ノートブック・セッションを使用したモデルの作成およびトレーニング
ノートブック・セッションを作成したら、JupyterLabインタフェースの機械学習ライブラリを使用してPythonコードを記述および実行し、モデルを構築およびトレーニングできます。
ノートブック・セッションからのOCI APIへの認証
ノートブック・セッション内で作業している場合は、Linuxユーザーdatascience
として操作しています。このユーザーにはOCI Identity and Access Management (IAM)アイデンティティがないため、OCI APIにアクセスできません。
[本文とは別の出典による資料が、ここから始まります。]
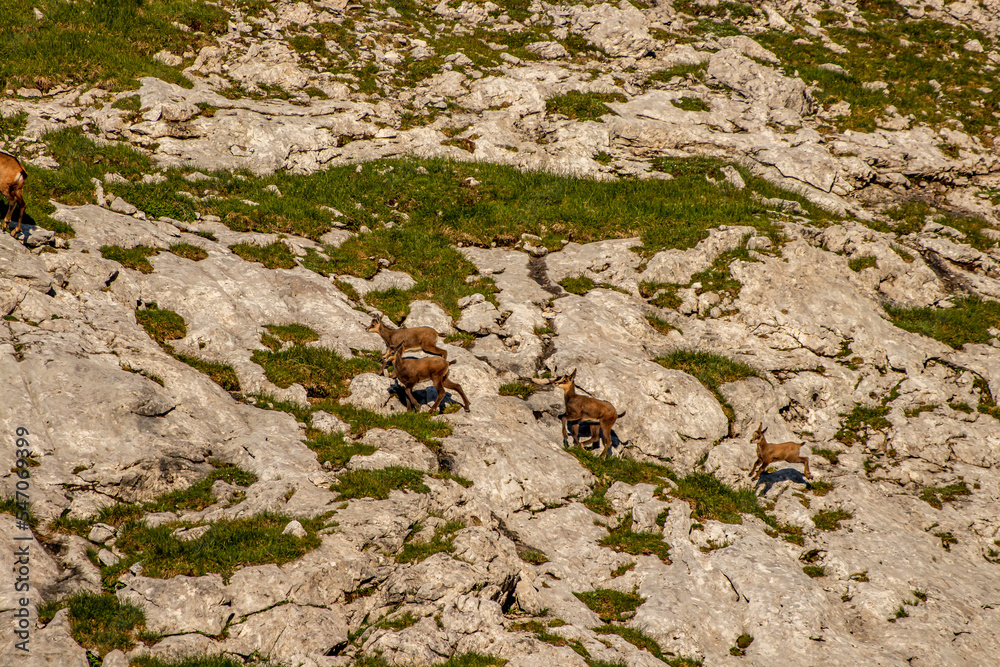 Wall mural chamois in julian alps, slovenia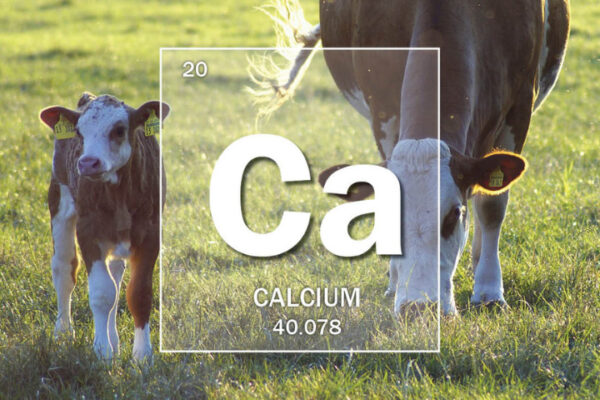 Mineral Of The Month: Calcium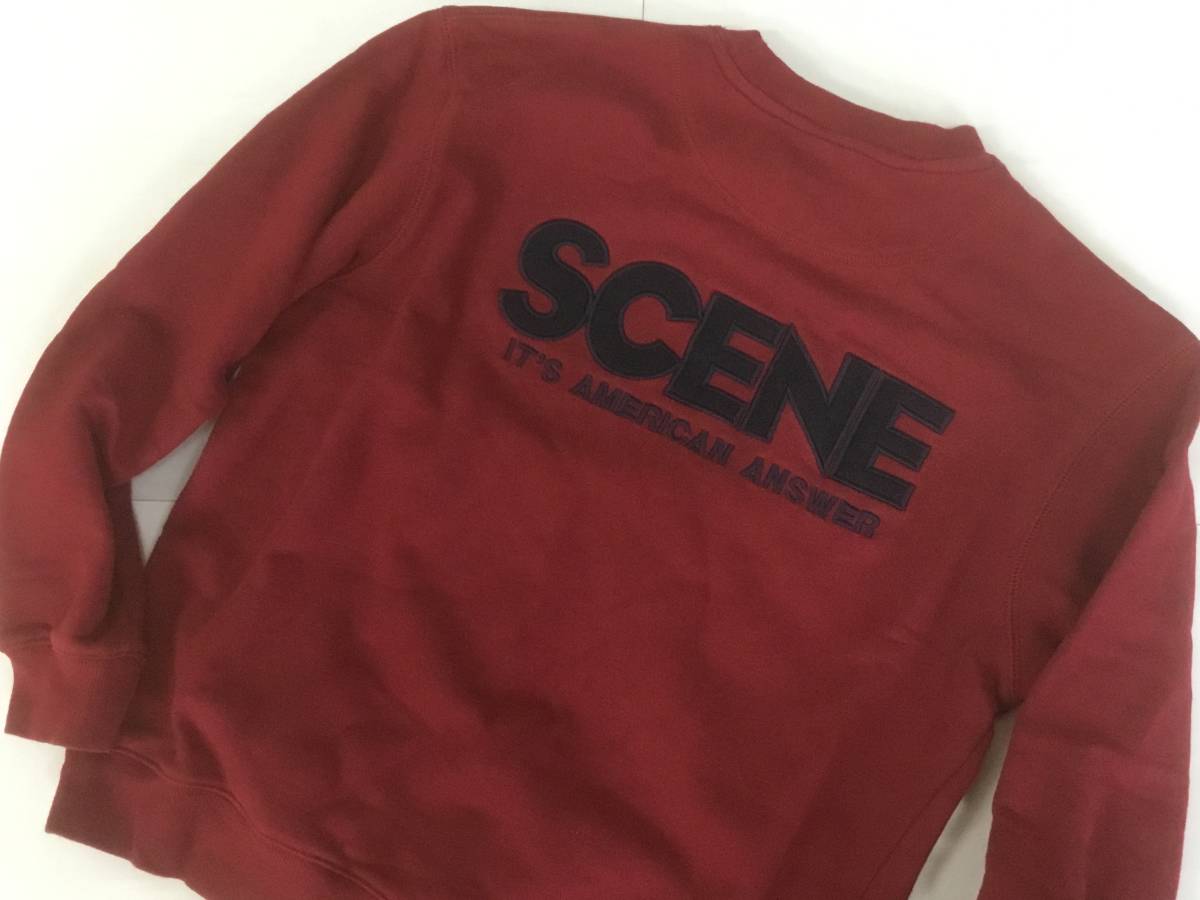 送料無料！SCENE IT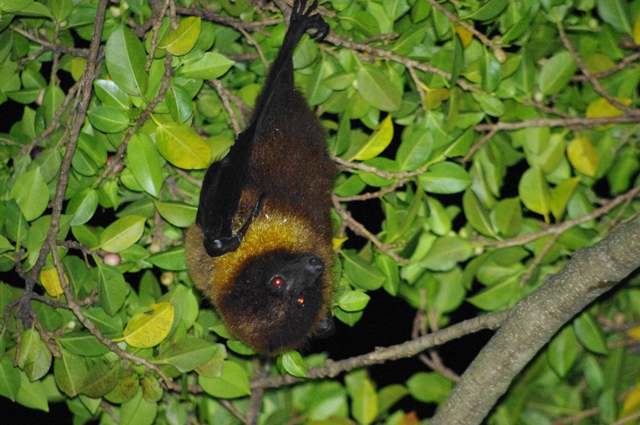 photo of Erabu Flying Fox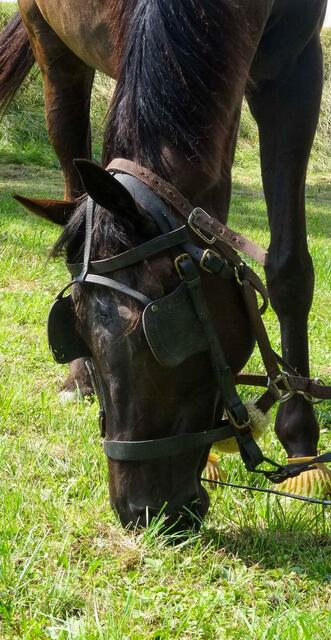 Harnais complet d'attelage pour grand poney ou petit cheval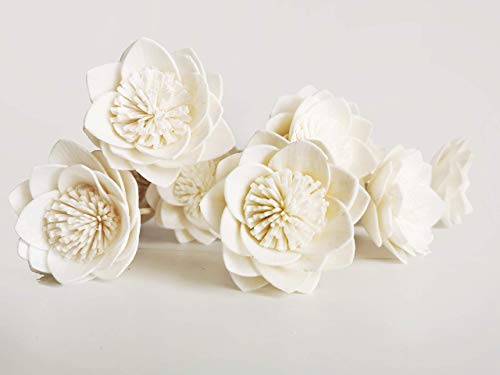 Decorative Dahlia 2 Inch Sola Flower Diffuser Set of 10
OCIリソースには、データ・サイエンス・プロジェクトとモデル、および他のOCIサービスのリソース(オブジェクト・ストレージ、ファンクション、Vault、データ・フローなど)が含まれます。ノートブック環境からこれらのリソースにアクセスするには、次の2つの認証アプローチのいずれかを使用します:
(推奨)ノートブック・セッションのリソース・プリンシパルを使用した認証
リソース・プリンシパルはIAMの機能で、リソースを、サービス・リソースに対してアクションを実行できる認可済プリンシパル・アクターにすることができます。各リソースは、自身のアイデンティティを持ち、追加された証明書を使用して認証を行います。これらの証明書は自動的に作成され、リソースに割り当てられ、ローテーションされるため、ノートブック・セッションに資格証明を格納する必要はありません。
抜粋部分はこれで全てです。